- [TASK ITEM]
Set each entry down verbatim, omitting images.

[Data extracted from a collection]

___

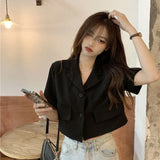 Gwmlk Korean Fashion Cropped Blazer Woman 2023 Summer Short Sleeve Single Breasted Coats Female Turn Down Collar Thin Jacket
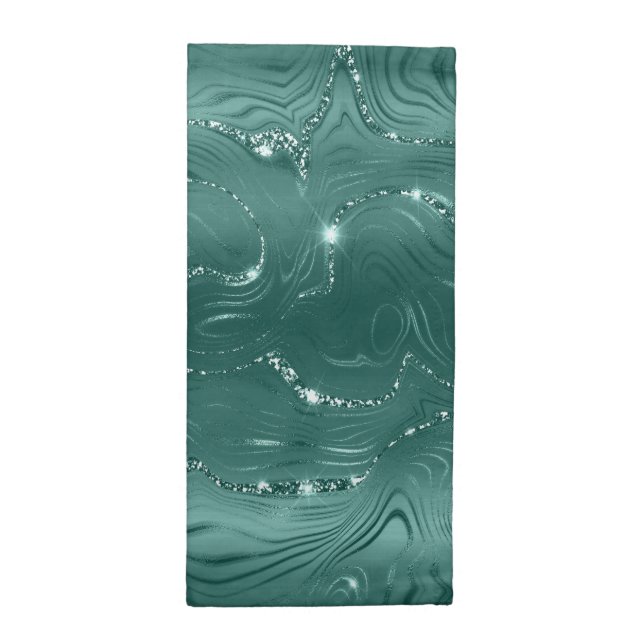 Emerald Green Glitzy Marble Cloth Napkin (Half Fold)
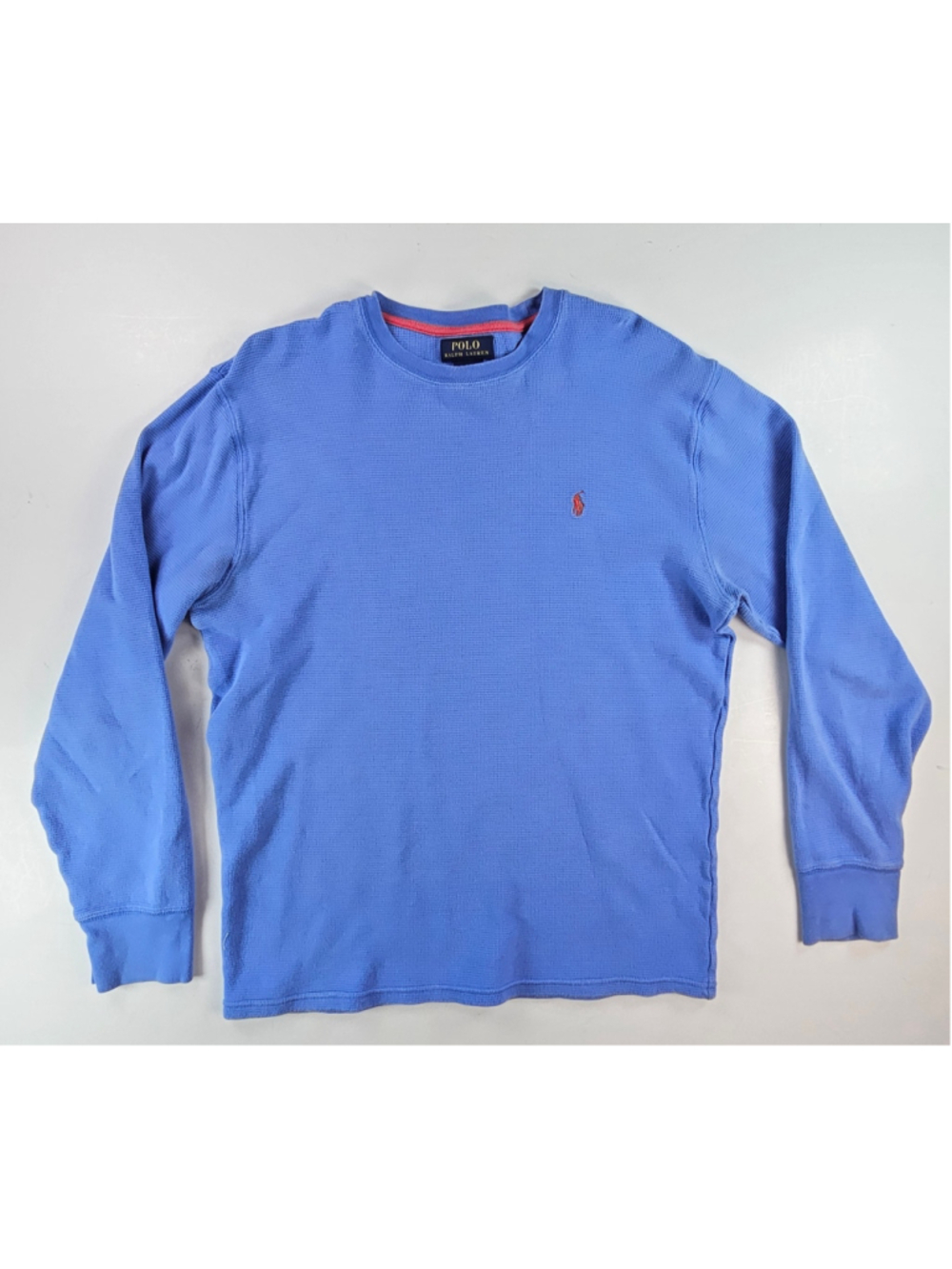 Polo Ralph Lauren Mens Large Blue Waffle Knit Thermal Long Sleeve Shirt Red Pony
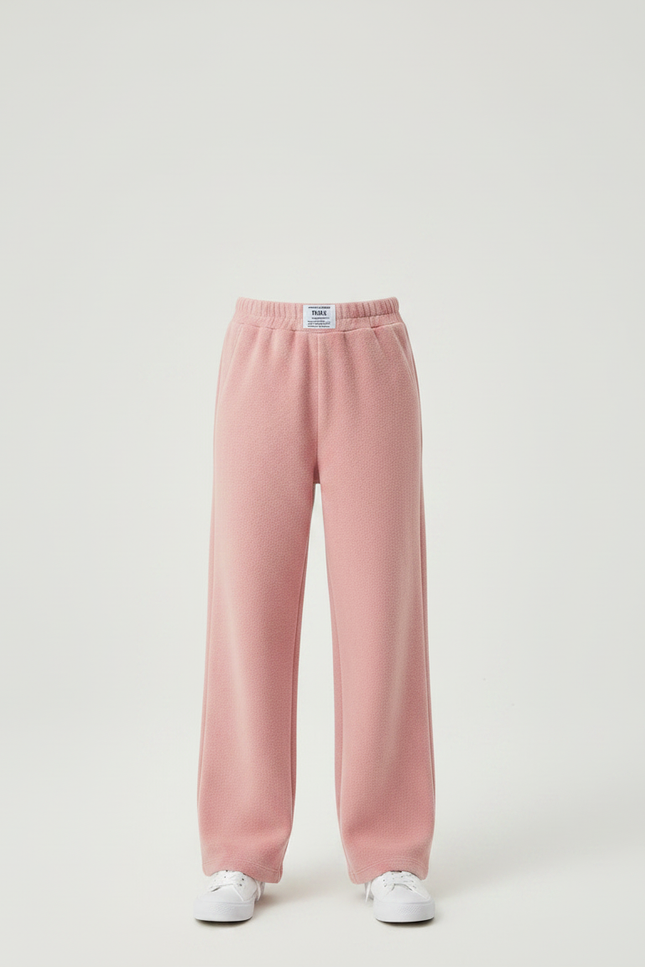 Pantalon Japonais Rose Polaire Ample Droit Confortable - Molleton - vue 3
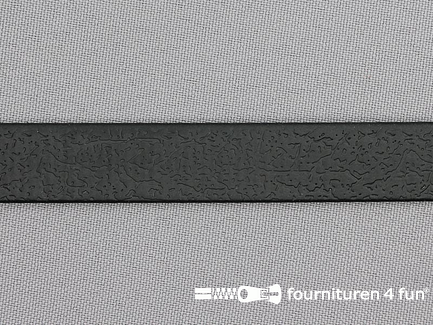 TPU band met leer reliëf - zwart - 16mm
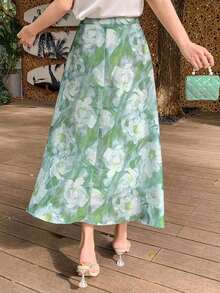 Falda midi de verano con estampado floral, estilo bohemio, ideal para fiestas y vacaciones - Verde - Ver 5
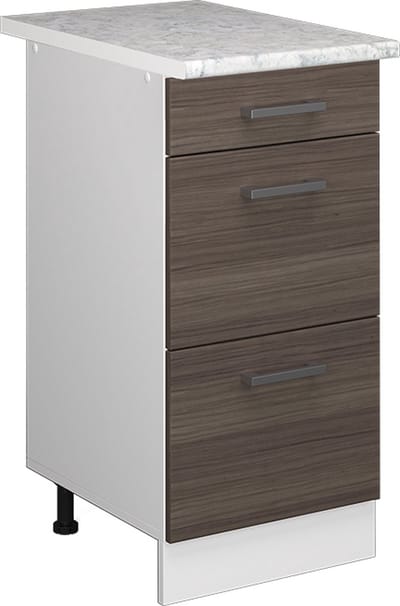 Vicco R-Line Keukenonderkast – 40 cm met laden, met marmeren werkblad Edel grijs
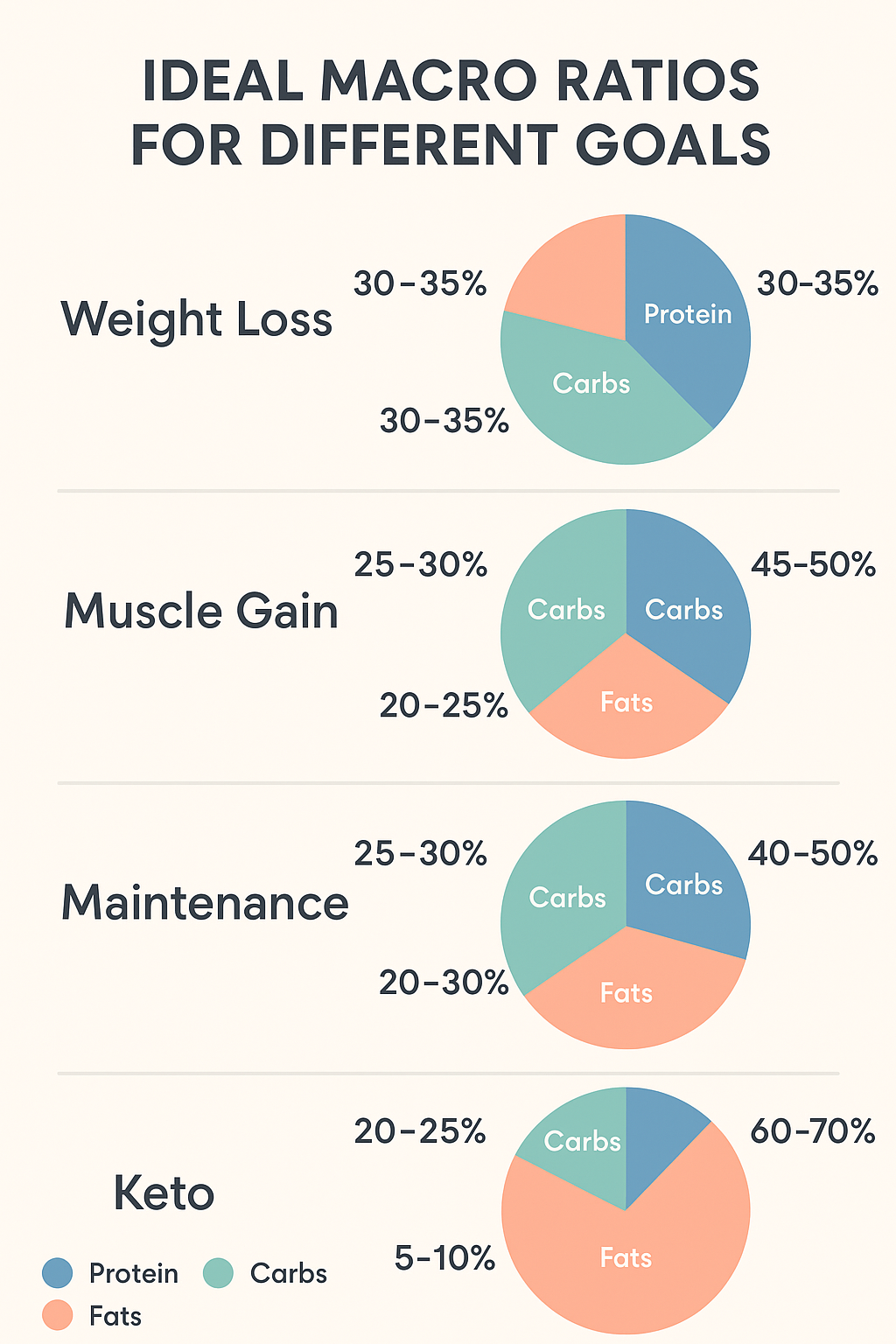 Pie chart showing 40 30 30 macro split
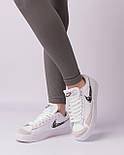 Жіночі кросівки кеди Nike Blazer Low '77 Vintage White Black осінь весна біла шкіра. Живе фото, фото 10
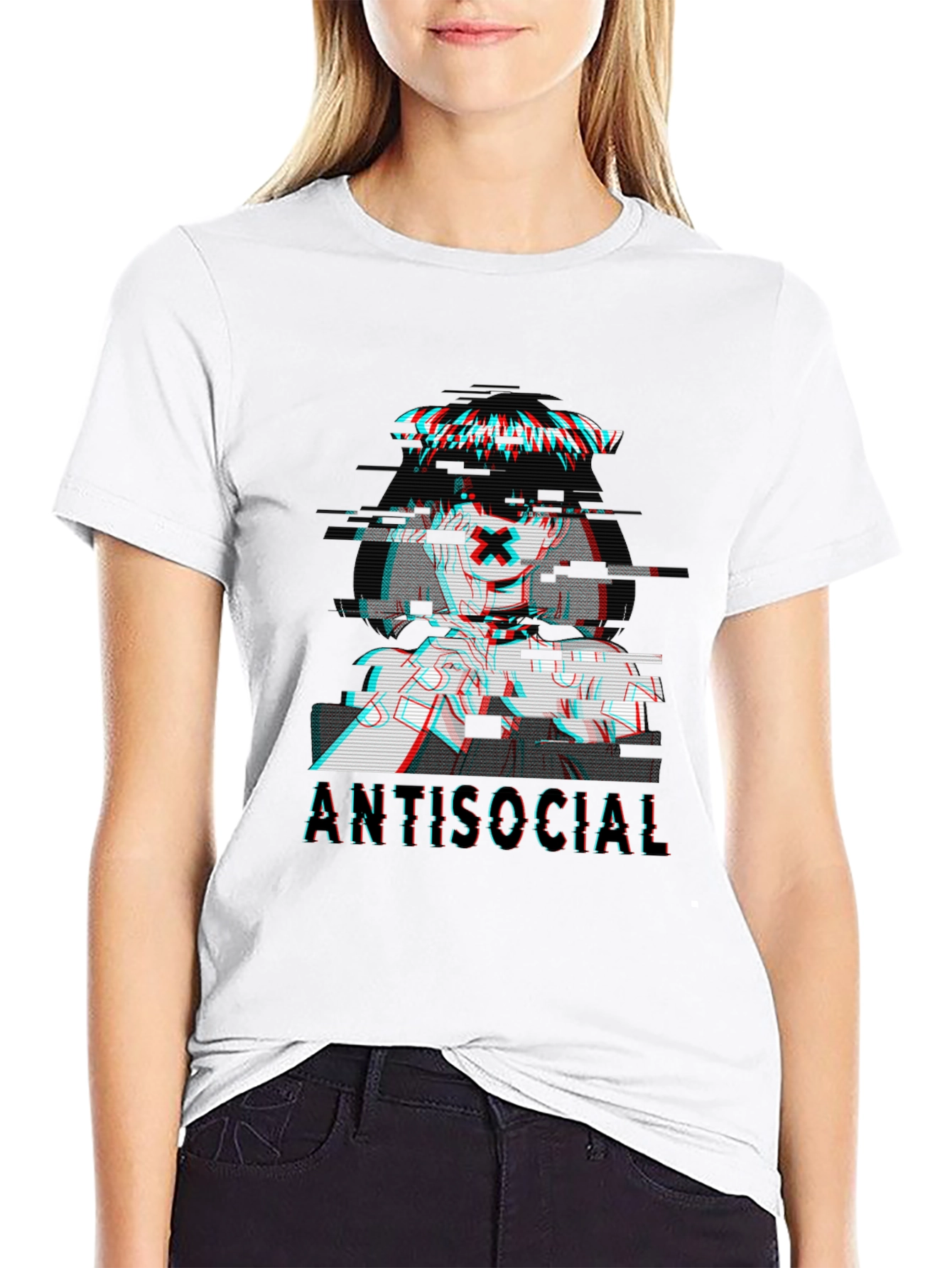 Black Antisocial Glitch Anime T-Shirt - Black view 9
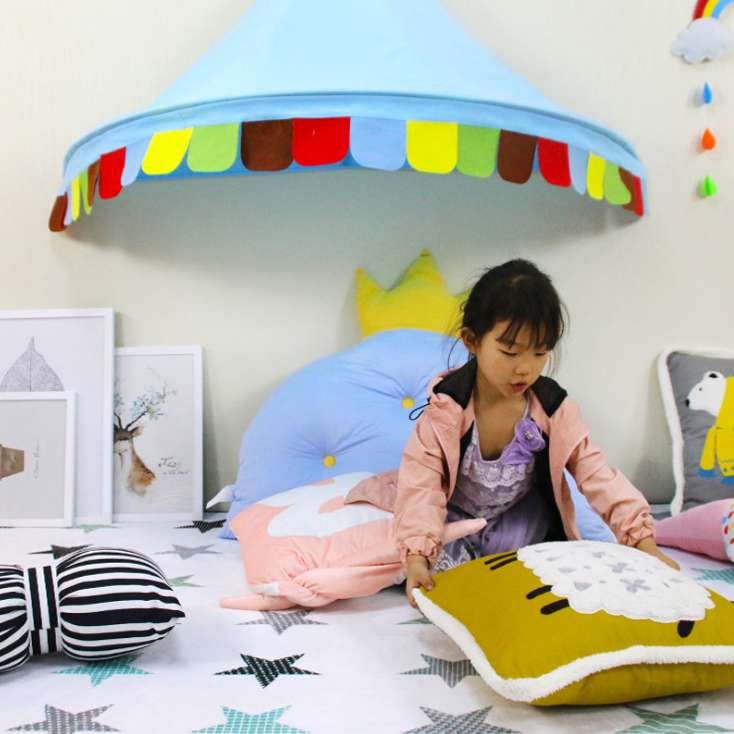 Children's half-moon tent, indoor play room for boys and girls, princess room decoration, reading corner, two colors available for wholesale in stock Specification image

___

- [EXERCISE ANSWER]
 Gwmlk Korean Fashion Cropped Blazer Woman 2023 Summer Short Sleeve Single Breasted Coats Female Turn Down Collar Thin Jacket
 Emerald Green Glitzy Marble Cloth Napkin (Half Fold)
 Polo Ralph Lauren Mens Large Blue Waffle Knit Thermal Long Sleeve Shirt Red Pony
 Pantalon Japonais Rose Polaire Ample Droit Confortable - Molleton - vue 3
 TPU band met leer reliëf - zwart - 16mm
 Falda midi de verano con estampado floral, estilo bohemio, ideal para fiestas y vacaciones - Verde - Ver 5
 Vicco R-Line Keukenonderkast – 40 cm met laden, met marmeren werkblad Edel grijs
 Pie chart showing 40 30 30 macro split
 Жіночі кросівки кеди Nike Blazer Low '77 Vintage White Black осінь весна біла шкіра. Живе фото, фото 10
 Black Antisocial Glitch Anime T-Shirt - Black view 9
 Children's half-moon tent, indoor play room for boys and girls, princess room decoration, reading corner, two colors available for wholesale in stock Specification image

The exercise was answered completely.